I assume that the FINGERPRINT's minhash is generated when the doc (mostly PDFs in our case) is created or updated. Should I ALWAYS receive one row (the source document) for the FINGERPRINT query if the text is Tika extractable?
I have two PDFs that are almost identical that aren't showing up in each others FINGERPRINT queries, and in fact, return 0 rows. Does that mean there was a problem extracting the text for the minhash? If so, how do I query if the minhash is empty?
I am using Alfresco Community 5.2 (201707), and Alfresco Search Services 1.1.

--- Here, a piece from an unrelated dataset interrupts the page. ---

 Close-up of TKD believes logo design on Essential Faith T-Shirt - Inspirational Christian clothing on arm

According to an older alfresco jira ticket (https://issues.alfresco.com/jira/browse/SEARCH-2) the min_hash value is generated and written to the content store and the solr index at content ingestion time. The source for FingerPrintComponent.java in the Search Services Github looks like it is getting the value from the SOLR field 'MINHASH', but I am not getting any results when i try to query solr for MINHASH.

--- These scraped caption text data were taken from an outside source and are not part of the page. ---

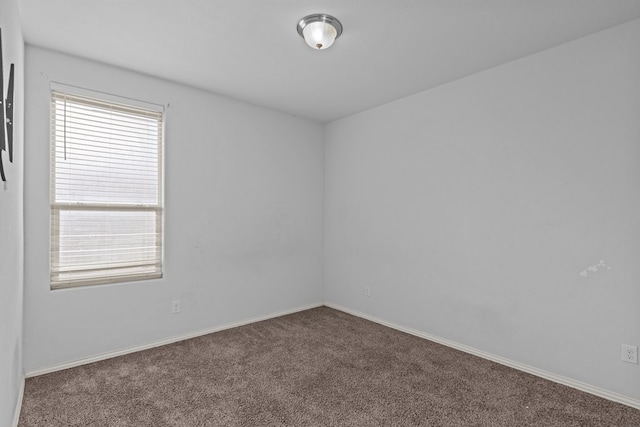 unfurnished room with carpet floors and baseboards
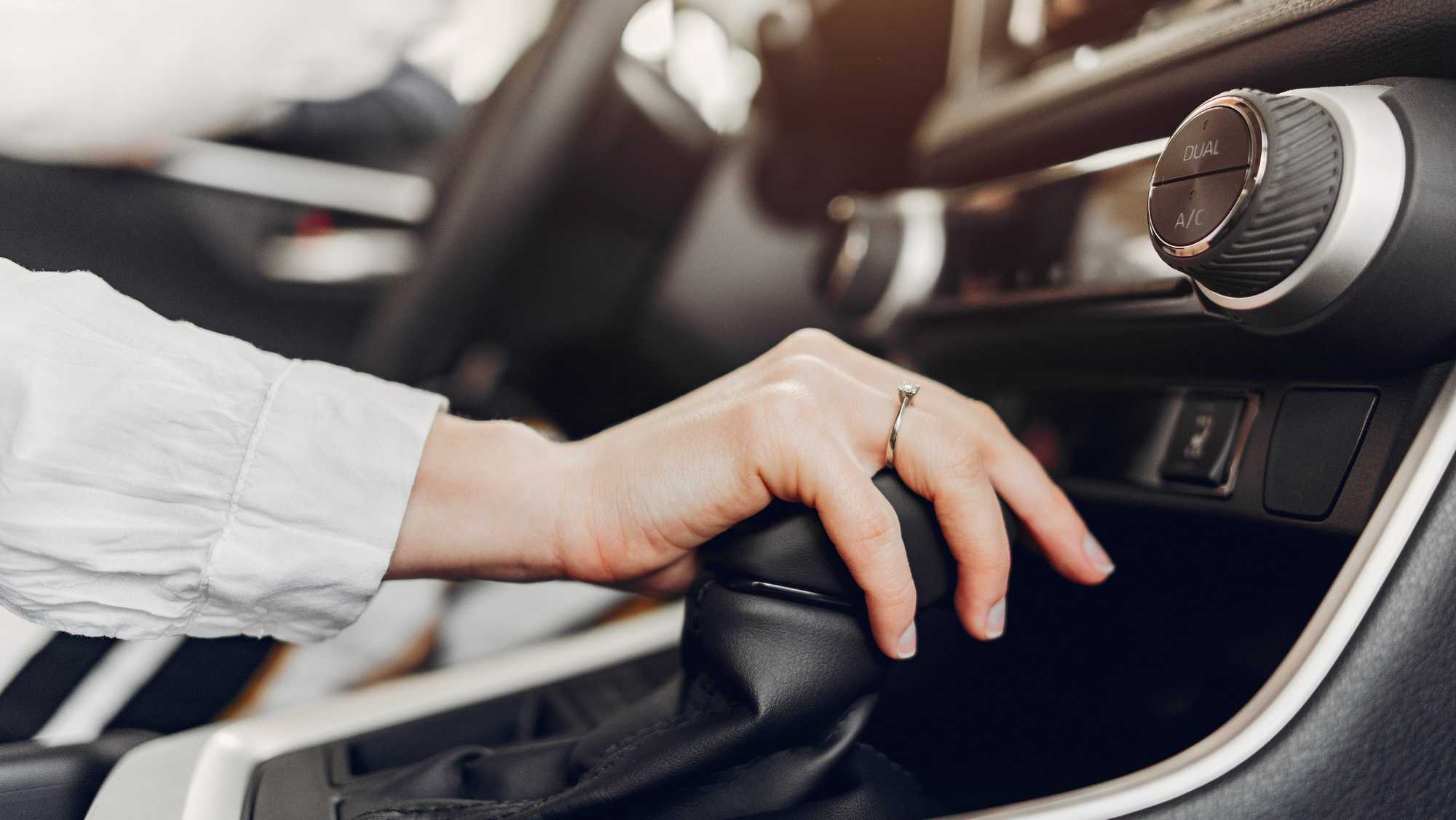 Car dashboard showing automatic vs manual transmission comparison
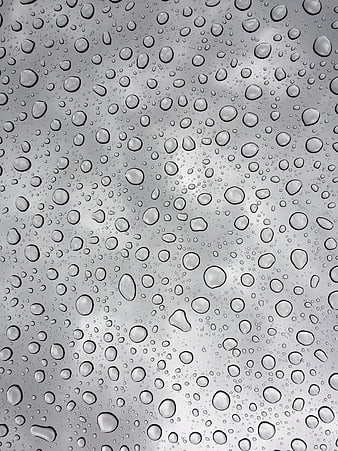 Raindrops on glass window texture background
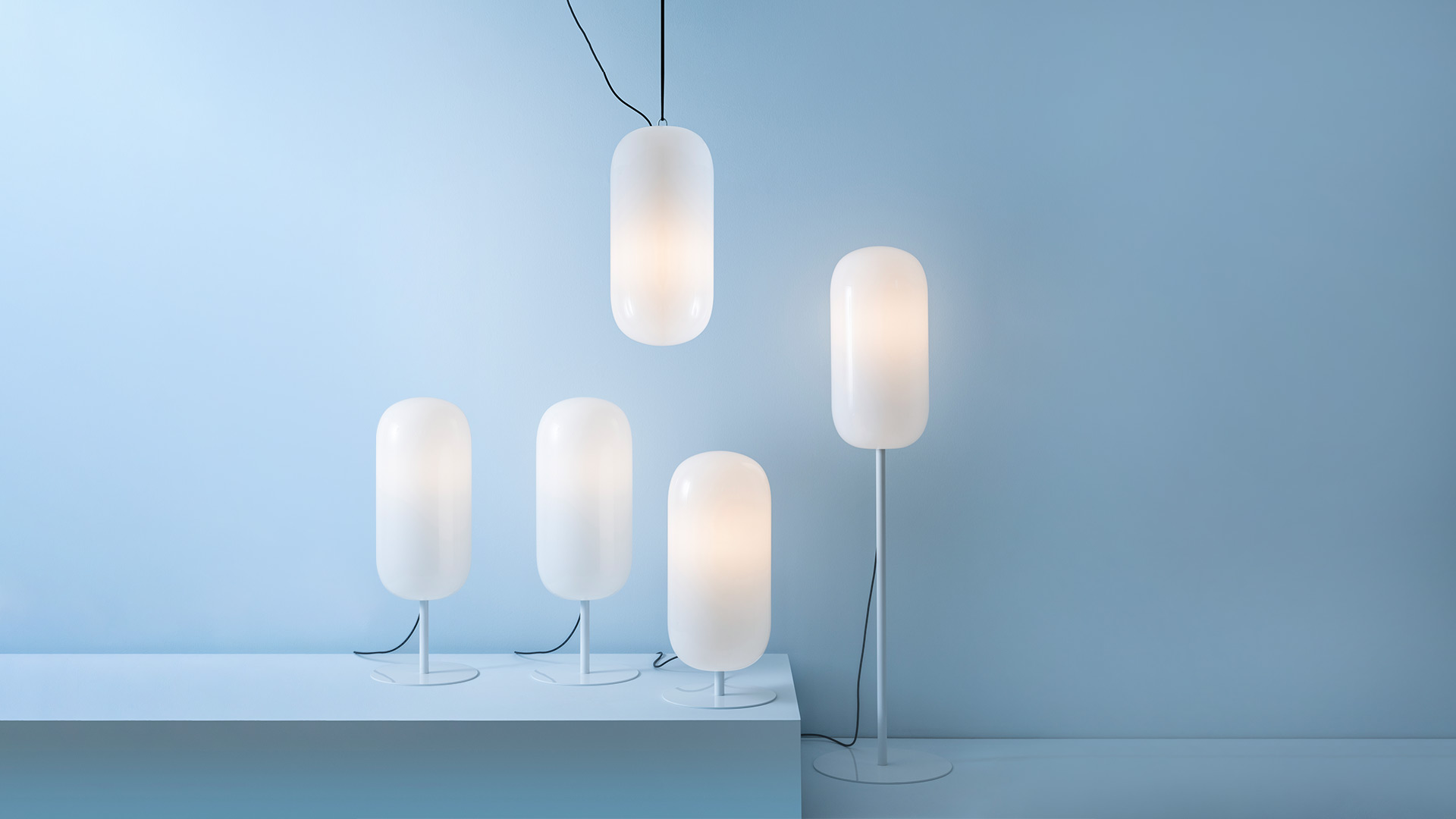 Artemide Gople Outdoor lamp: smooth pebble-shaped white opal diffuser resting on floor, emitting warm glow, with black power cord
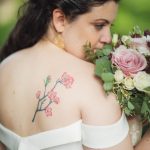 A wedding portrait of a bride with a tattoo on her back holding a bouquet.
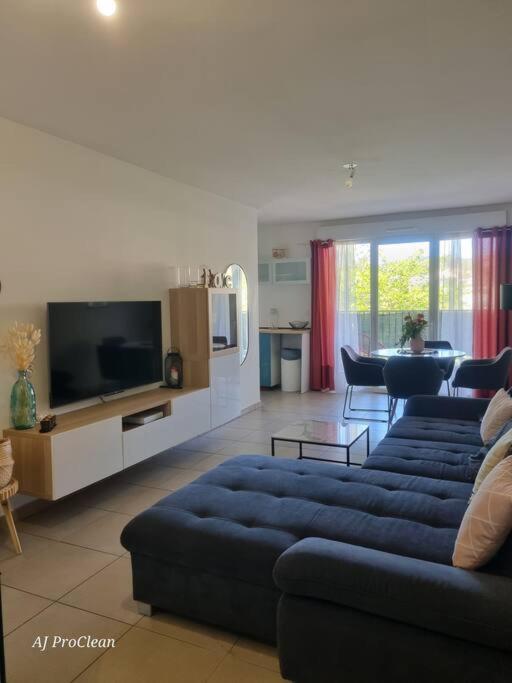 un salon avec un canapé bleu et une télévision dans l'établissement La Petite Cigale, grand balcon à 10min du Circuit Paul Richard et 15min de la mer - By AURAconciergerie, au Beausset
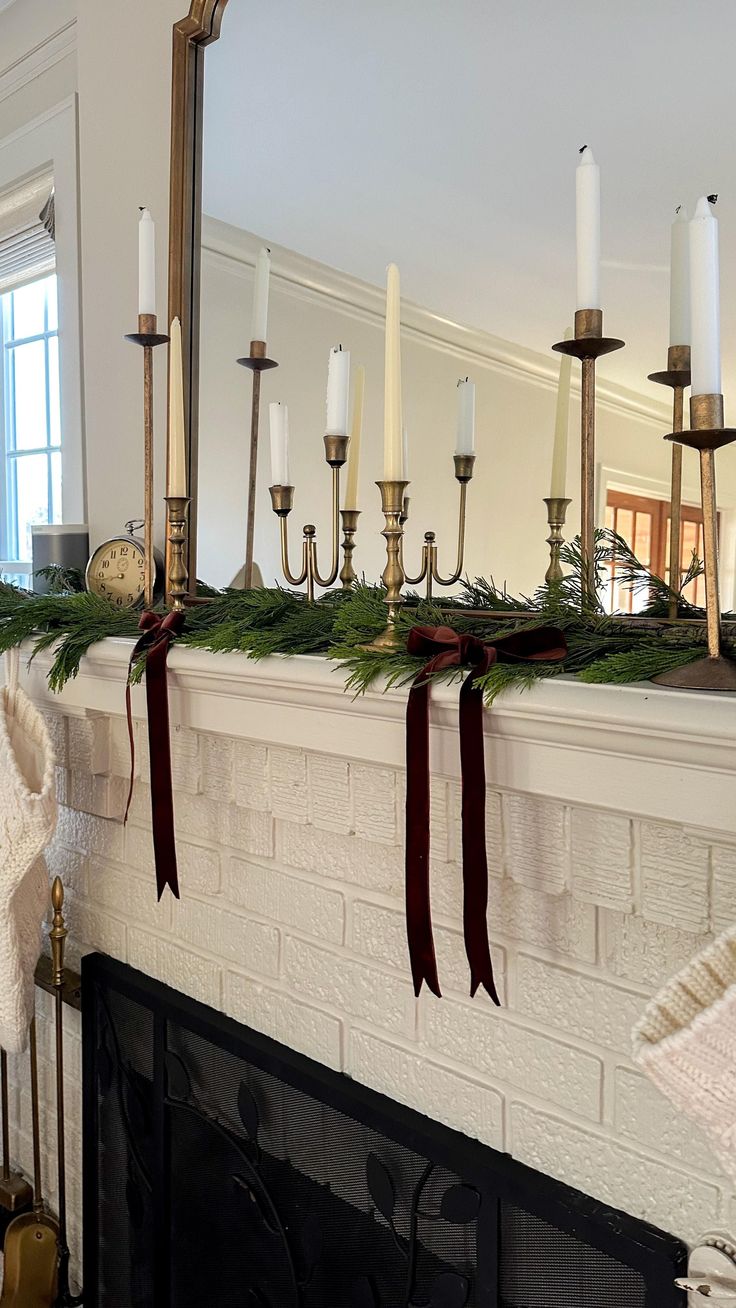 a mantel with candles, stockings and other christmas decorations on it in front of a mirror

I am able to get a query using the FINGERPRINT value if I rebuild the entire core, but content that comes in after that does not show in a query.
For instance, I have a document that has been around since the first Solr rebuild, and I can get an afts search to work using the queries
TEXT:"[unique text in document]"
for the full text search and
If I add a new document, i can see that the fulltext indexer picks it up, there are no errors, and I can see it when I do a afts query
TEXT:"[unique text in new document]"
When I run the FINGERPRINT query, I get no results. I can wait minutes, hours or days, but it will only get returned if I rebuild the Solr database. A FIX or REINDEX of the single document doesn't seem to help.
Is there something that needs to be done to have it get the calculation done? How can I tell what the value is, or if it's generated?
The Michael Suzuki presentation is the only video I can see out there that goes over this.